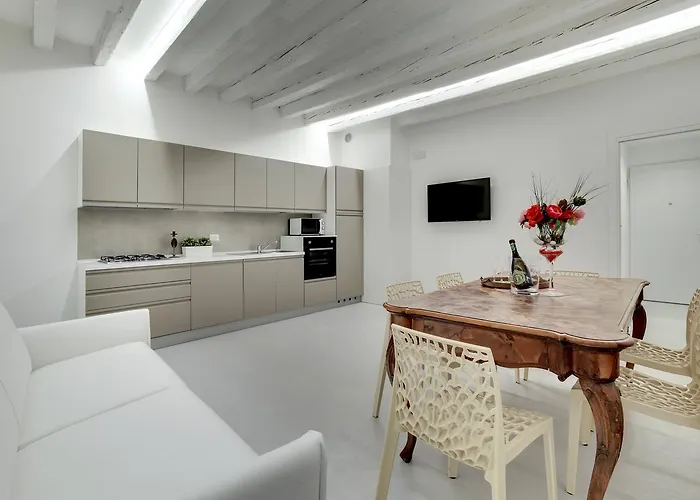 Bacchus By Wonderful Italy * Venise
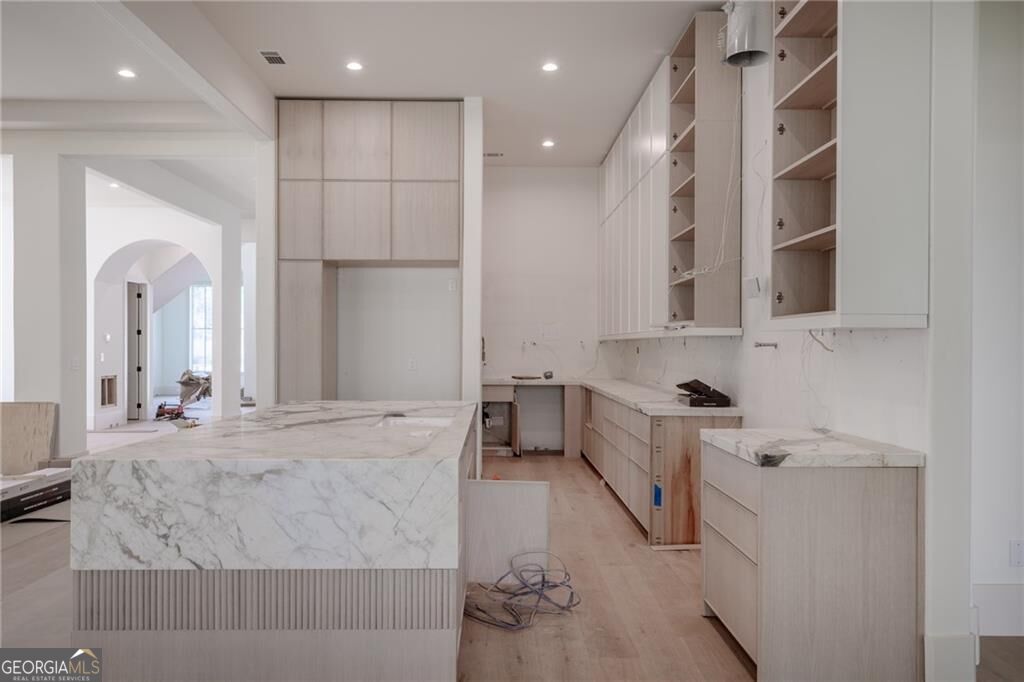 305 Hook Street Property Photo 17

---

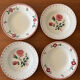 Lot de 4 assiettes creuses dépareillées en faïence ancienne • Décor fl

**Task item**
What do the entries above read from the line containing "Bacchus By Wonderful Italy * Venise" through the line containing "305 Hook Street Property Photo 17"? Output those lines exactly, both ends included, with the pictures left out.

**Expected output**
 Bacchus By Wonderful Italy * Venise
 305 Hook Street Property Photo 17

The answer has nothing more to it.